* **What is needed**:
Exactly and only the lines from the first entry through the line with "Man Raising Arms Blue Shirt Black Shorts GIF" should be copied, both ends included, with no pictures.

* **The input**:
• • • •

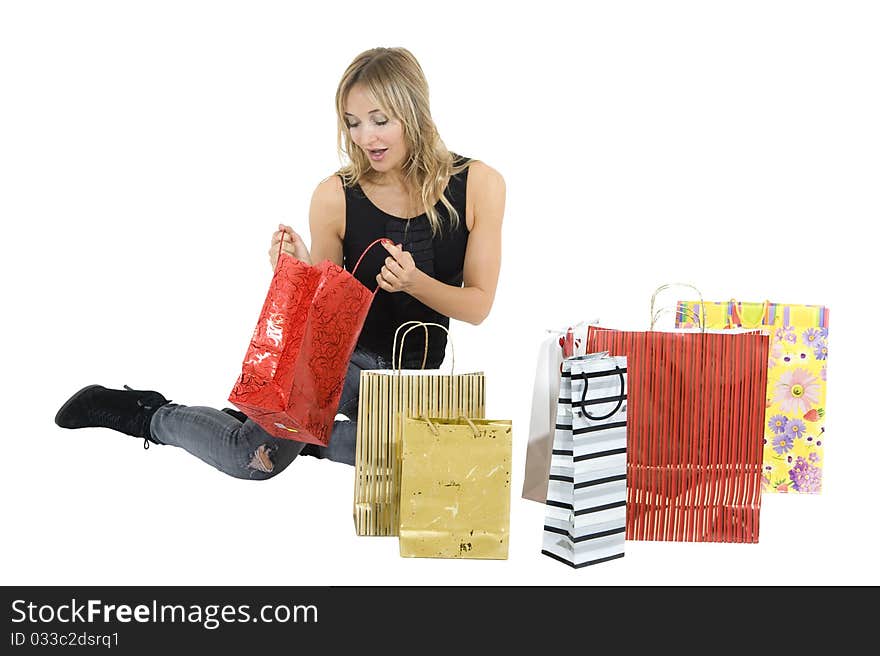 blond woman with shopping bags smiling happily. blond woman with shopping bags smiling happily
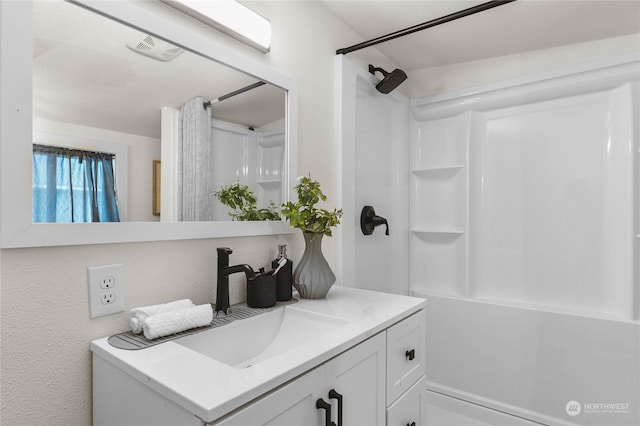 bathroom with vanity and a shower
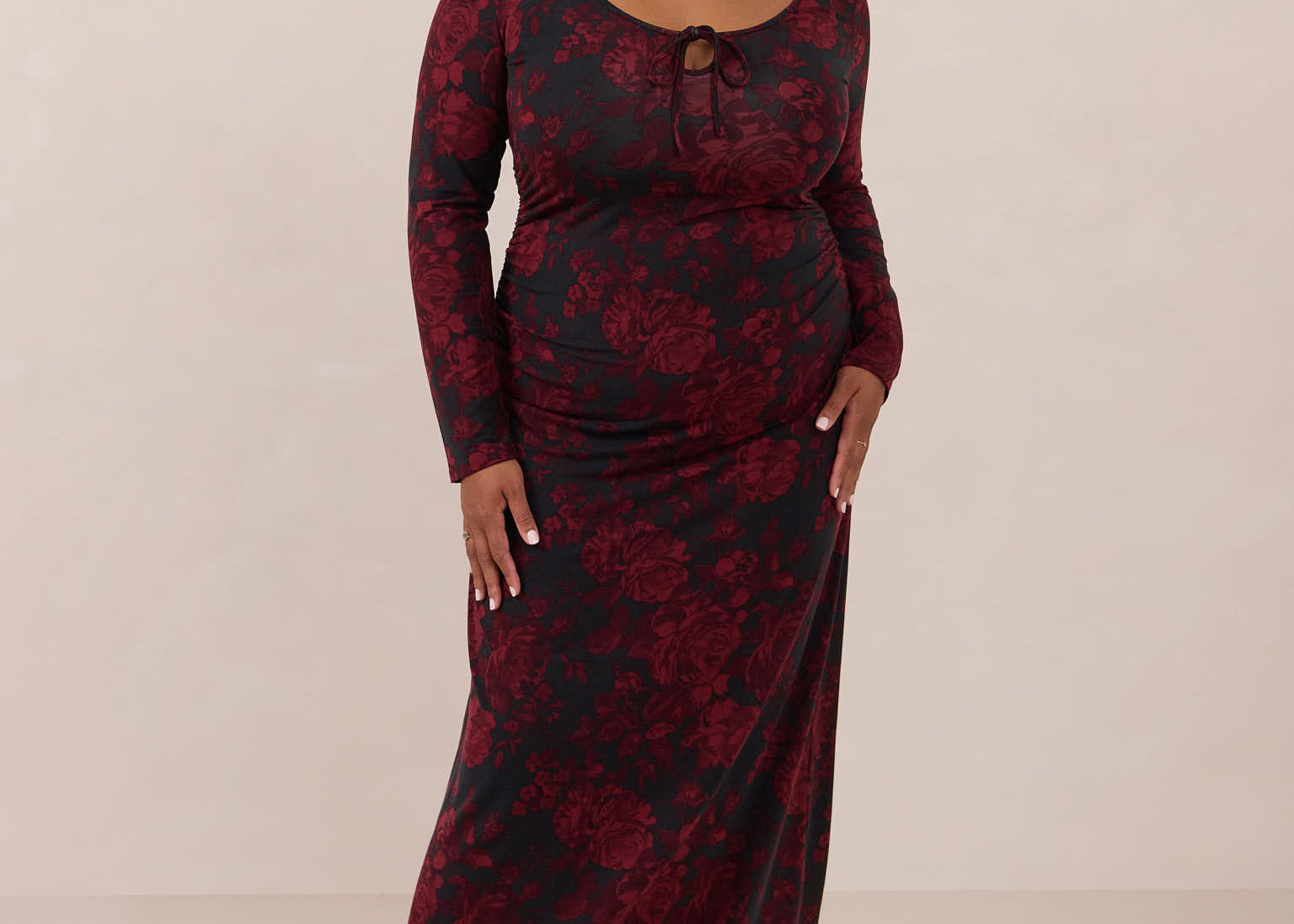 Woman wearing a burgundy floral dress with long sleeves on a beige background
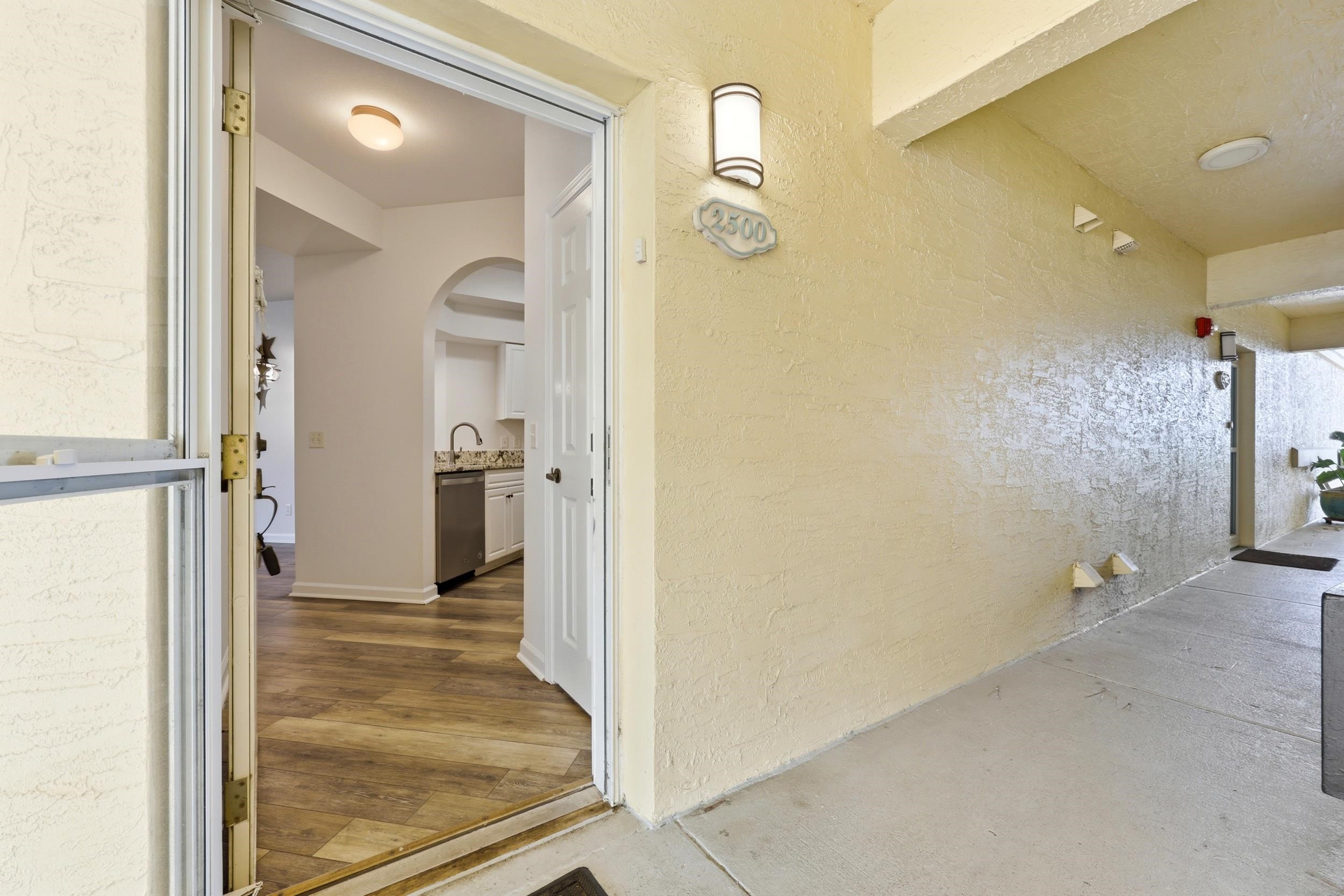 2500 Vista Cove Road St. Augustine, FL 32084 - Photo 5 of 53 wooden floor with a bathroom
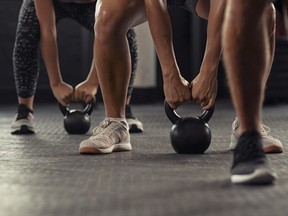 Fitness people hands lifting kettle bell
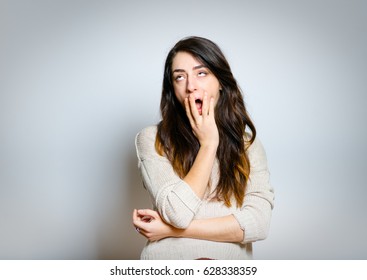 Beautiful Woman Yawns, Bored, Isolated On Gray Background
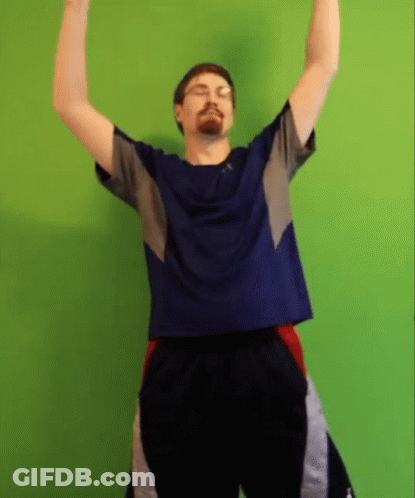 Man Raising Arms Blue Shirt Black Shorts GIF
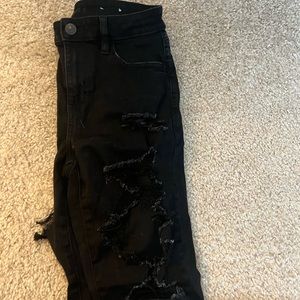 American Eagle super distressed, black skinny jeans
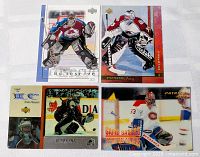 All four Patrick Roy hockey cards laid out on a table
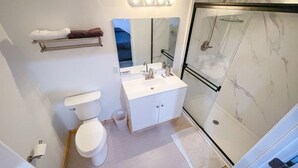 Une salle de bain comprenant des toilettes, un lavabo avec un miroir et un espace douche.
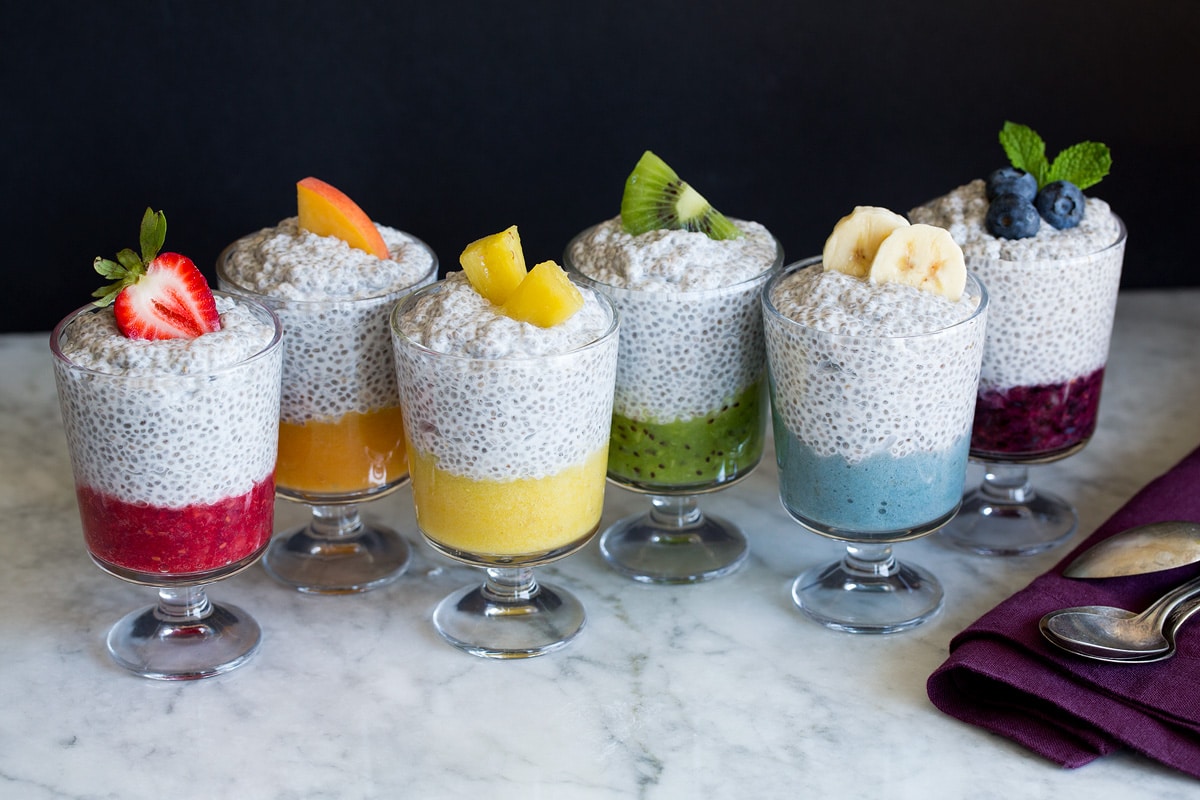 Six jars of chia pudding layered with fruit puree and topped with fresh fruit.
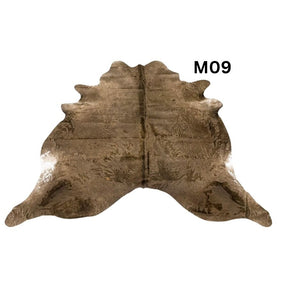 Mocha latte cowhide rug with natural markings shown on a light background
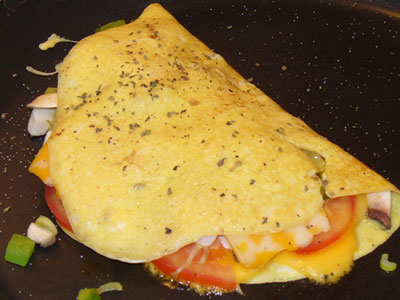 Omelette with cheese and slices of tomato.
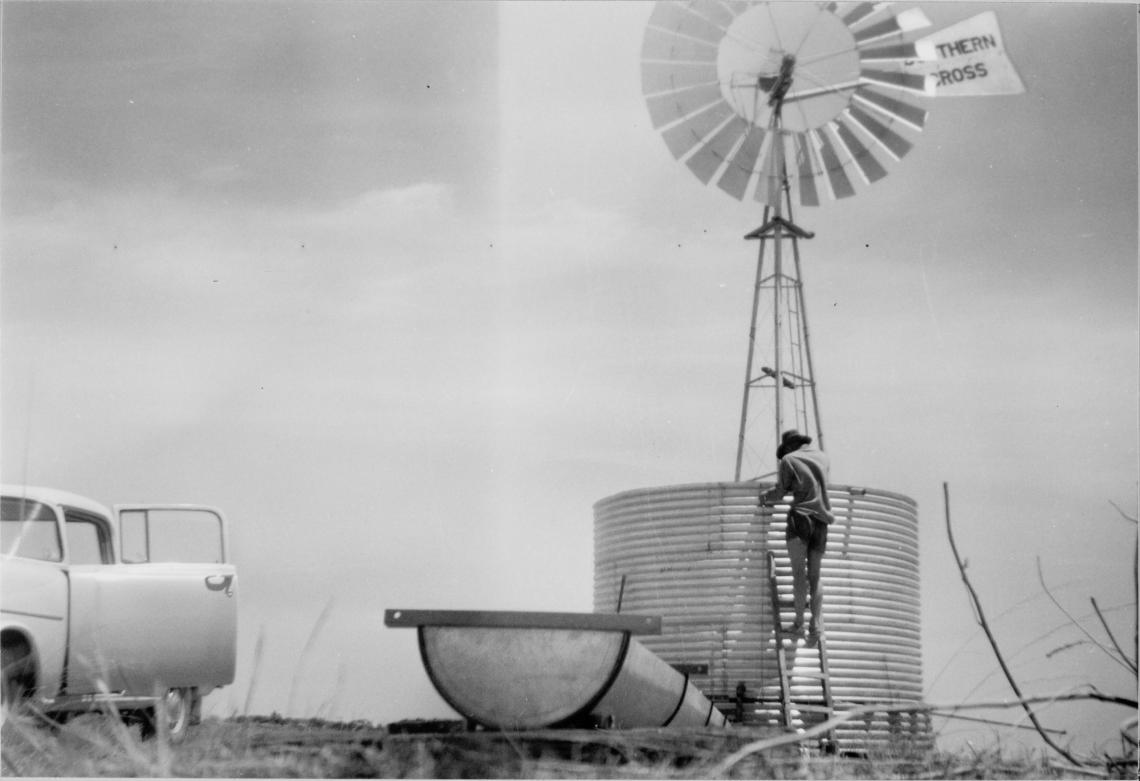 Erecting a new windmill and water tank on Rock Hill farm Wongan Hills home of John P Taggart and family ca 1960
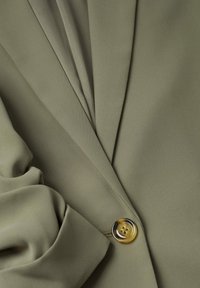 Veste blazer vert olive avec un seul bouton en écaille de tortue et un détail de tissu froncé sur la manche.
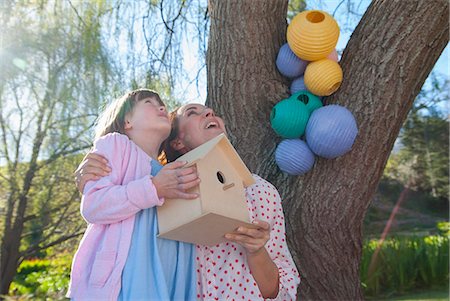 family hanging - Mother and daughter holding birdhouse Stock Photo - Premium Royalty-Free, Code: 649-06489029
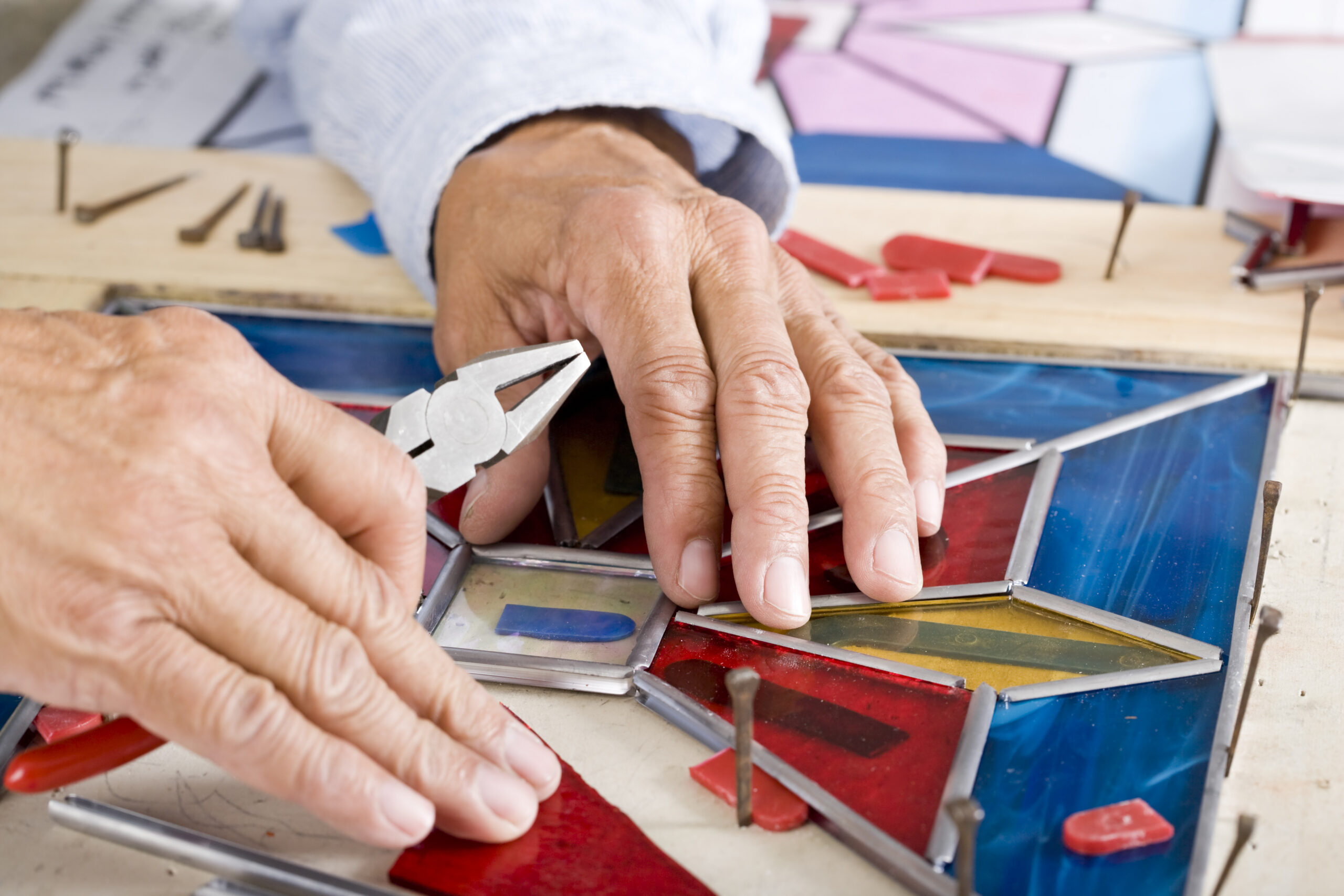 Craftsperson working on stained glass pattern in workshop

• • • •

* **Answer box**:
 blond woman with shopping bags smiling happily. blond woman with shopping bags smiling happily
 bathroom with vanity and a shower
 Woman wearing a burgundy floral dress with long sleeves on a beige background
 2500 Vista Cove Road St. Augustine, FL 32084 - Photo 5 of 53 wooden floor with a bathroom
 Fitness people hands lifting kettle bell
 Beautiful Woman Yawns, Bored, Isolated On Gray Background
 Man Raising Arms Blue Shirt Black Shorts GIF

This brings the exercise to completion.